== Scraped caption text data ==
"""

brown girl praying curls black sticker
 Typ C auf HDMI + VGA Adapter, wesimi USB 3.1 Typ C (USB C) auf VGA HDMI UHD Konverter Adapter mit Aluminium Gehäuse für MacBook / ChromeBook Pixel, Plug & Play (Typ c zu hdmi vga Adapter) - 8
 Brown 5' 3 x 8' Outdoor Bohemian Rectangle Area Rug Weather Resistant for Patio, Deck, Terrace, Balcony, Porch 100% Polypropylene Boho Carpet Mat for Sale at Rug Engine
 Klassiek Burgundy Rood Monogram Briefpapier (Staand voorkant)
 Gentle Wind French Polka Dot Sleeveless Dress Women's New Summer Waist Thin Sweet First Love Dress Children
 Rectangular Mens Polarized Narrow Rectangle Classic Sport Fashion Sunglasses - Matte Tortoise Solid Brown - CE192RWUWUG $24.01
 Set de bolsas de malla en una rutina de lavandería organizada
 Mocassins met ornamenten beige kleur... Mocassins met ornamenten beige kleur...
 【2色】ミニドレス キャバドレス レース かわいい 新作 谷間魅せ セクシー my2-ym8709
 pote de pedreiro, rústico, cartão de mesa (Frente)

"""

All lines above between those holding "Klassiek Burgundy Rood" and "Rectangular Mens Polarized", inclusive, must be set down unchanged, and no other line may be included.

 Klassiek Burgundy Rood Monogram Briefpapier (Staand voorkant)
 Gentle Wind French Polka Dot Sleeveless Dress Women's New Summer Waist Thin Sweet First Love Dress Children
 Rectangular Mens Polarized Narrow Rectangle Classic Sport Fashion Sunglasses - Matte Tortoise Solid Brown - CE192RWUWUG $24.01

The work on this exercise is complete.